**REQUIRED WORK**
Make the copy match the entries below exactly, with no pictures carried over.

Excerpts from a dataset
------------------------
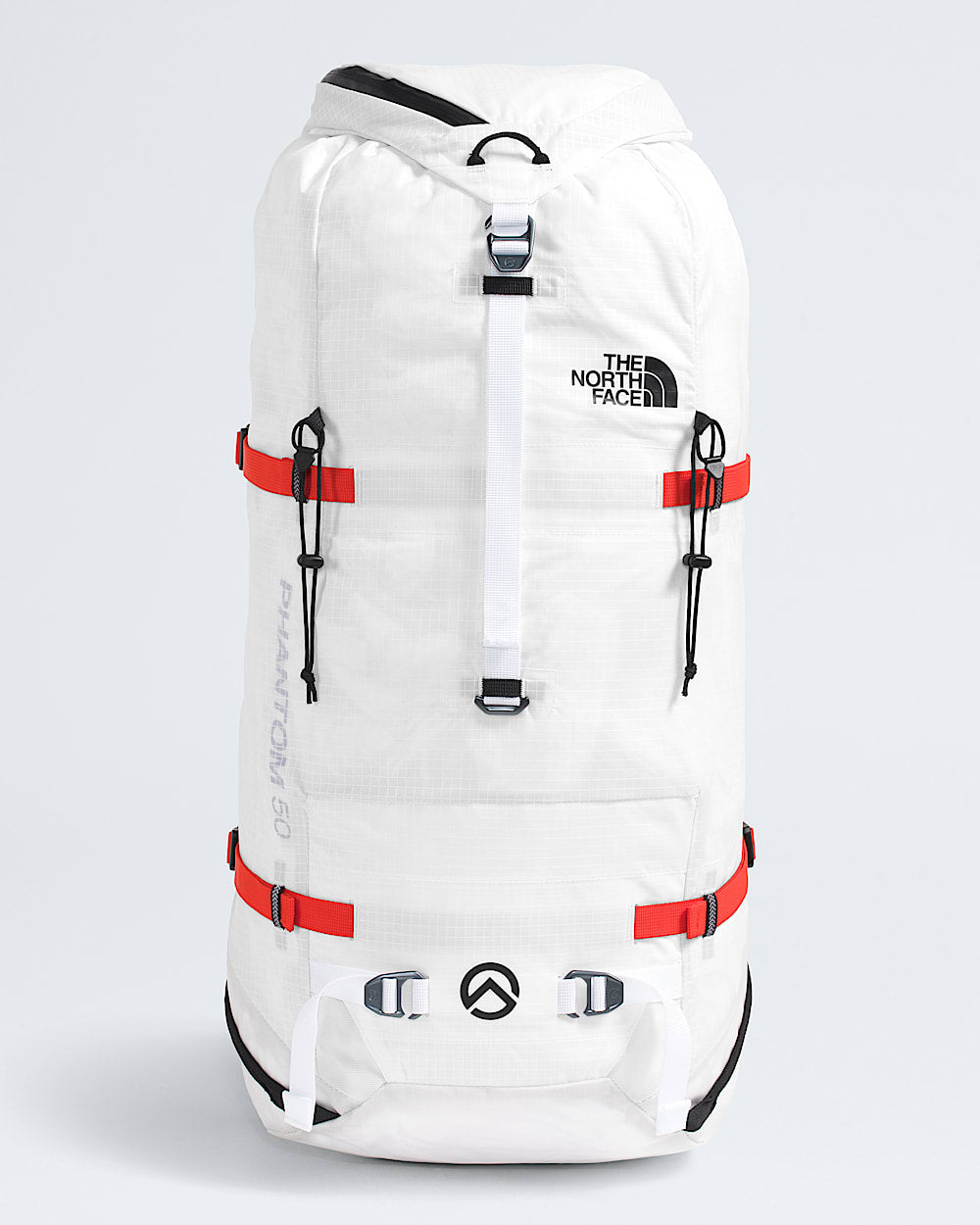 Phantom 50 Backpack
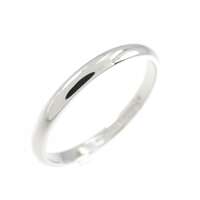 ティファニー ビゼット リング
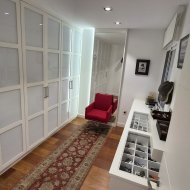 Revente - Appartements -
Torrevieja - Center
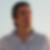 Photo de profil de Antonio Godinho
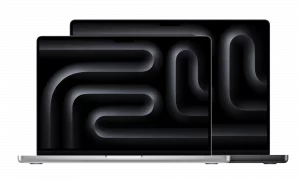 Apple MacBook Pro M5 Apple MacBook Pro M5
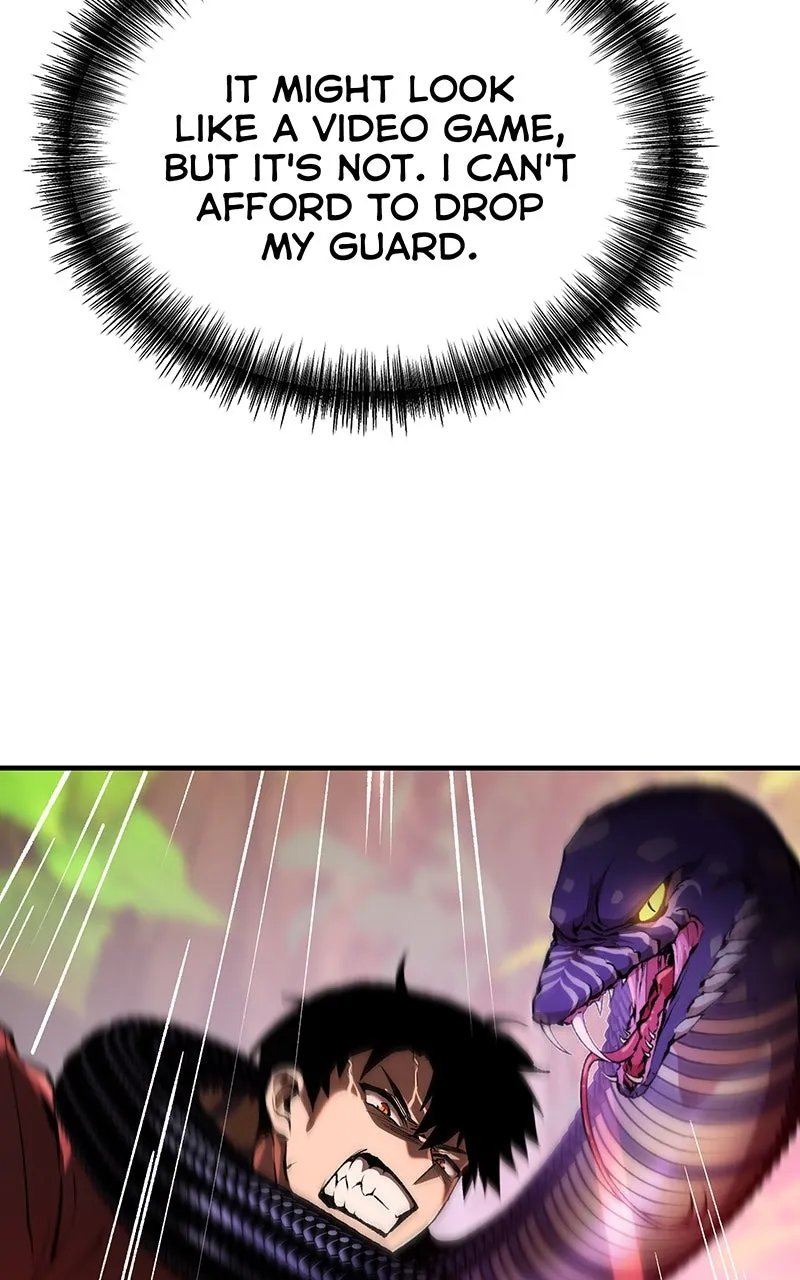 Defiance of the Fall Chapter 2 — Page 89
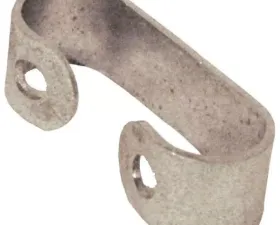 BRExhaust Exhaust Bracket Volkswagen Front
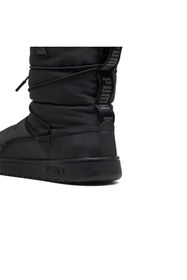 Resim Puma Snowbae Wns Kadın Günlük Ayakkabı 393920-01 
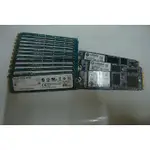 128GB SSD M.2 SATAⅢ 固態硬碟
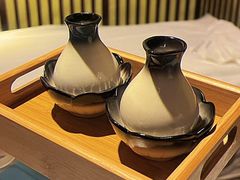 -江南足纪·影院足道·轻奢SPA(红山6979店)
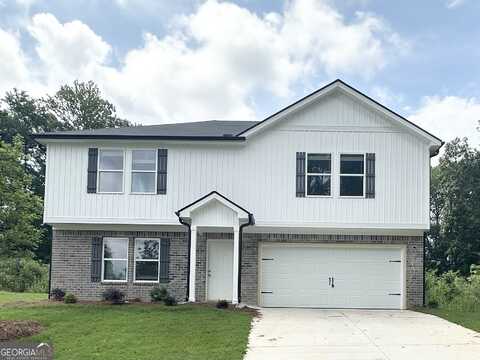 107 Deer, Temple, GA 30179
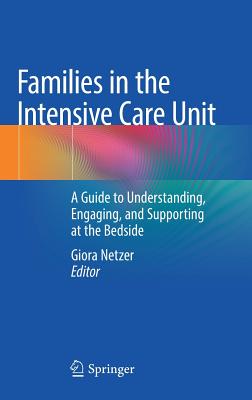 Families in the Intensive Care Unit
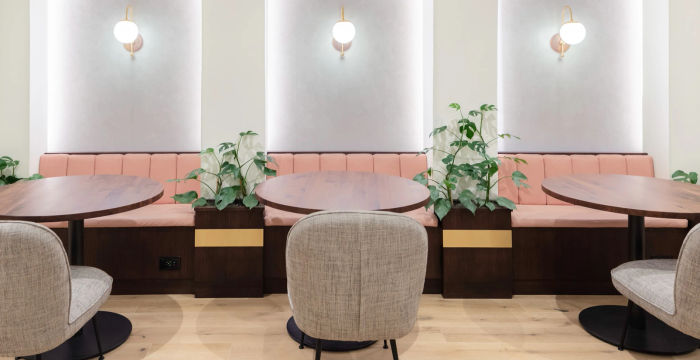 150 Fayetteville Street, Raleigh - Image 3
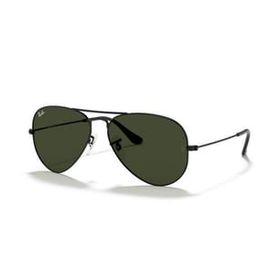 Ray-Ban 0RB3025 L282358 Erkek Güneş Gözlüğü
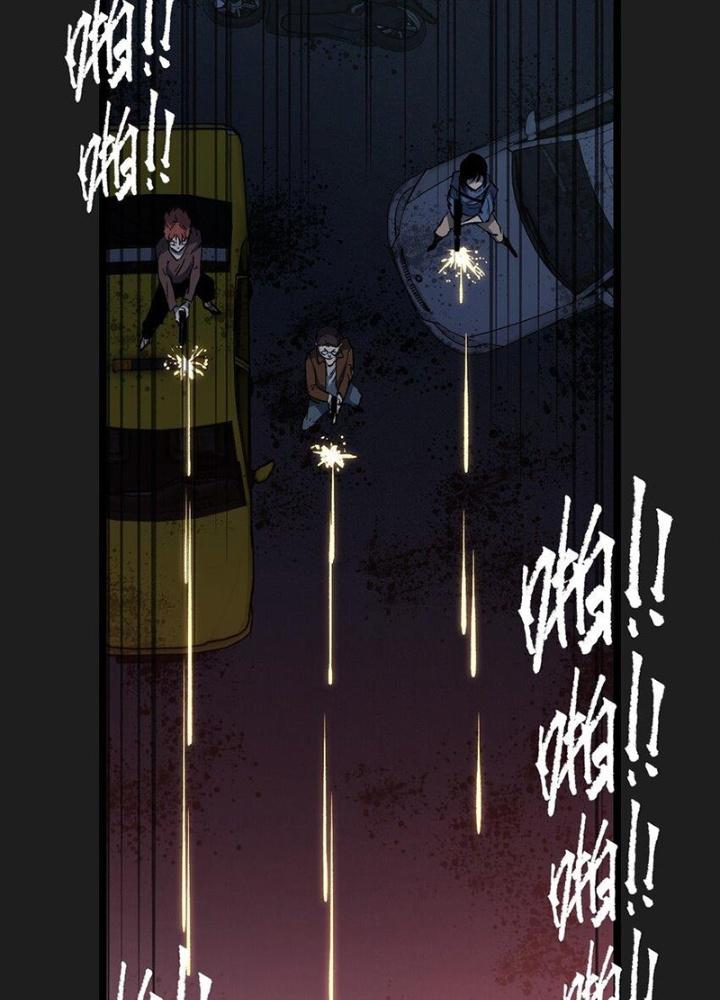 Ta Là Lão Đại Thời Tận Thế Chapter 93 - Trang 2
------------------------
**OUTPUT BELOW**
 Phantom 50 Backpack
 ティファニー ビゼット リング
 Revente - Appartements -
Torrevieja - Center
 Photo de profil de Antonio Godinho
 Apple MacBook Pro M5 Apple MacBook Pro M5
 Defiance of the Fall Chapter 2 — Page 89
 BRExhaust Exhaust Bracket Volkswagen Front
 Resim Puma Snowbae Wns Kadın Günlük Ayakkabı 393920-01 
 128GB SSD M.2 SATAⅢ 固態硬碟
 -江南足纪·影院足道·轻奢SPA(红山6979店)
 107 Deer, Temple, GA 30179
 Families in the Intensive Care Unit
 150 Fayetteville Street, Raleigh - Image 3
 Ray-Ban 0RB3025 L282358 Erkek Güneş Gözlüğü
 Ta Là Lão Đại Thời Tận Thế Chapter 93 - Trang 2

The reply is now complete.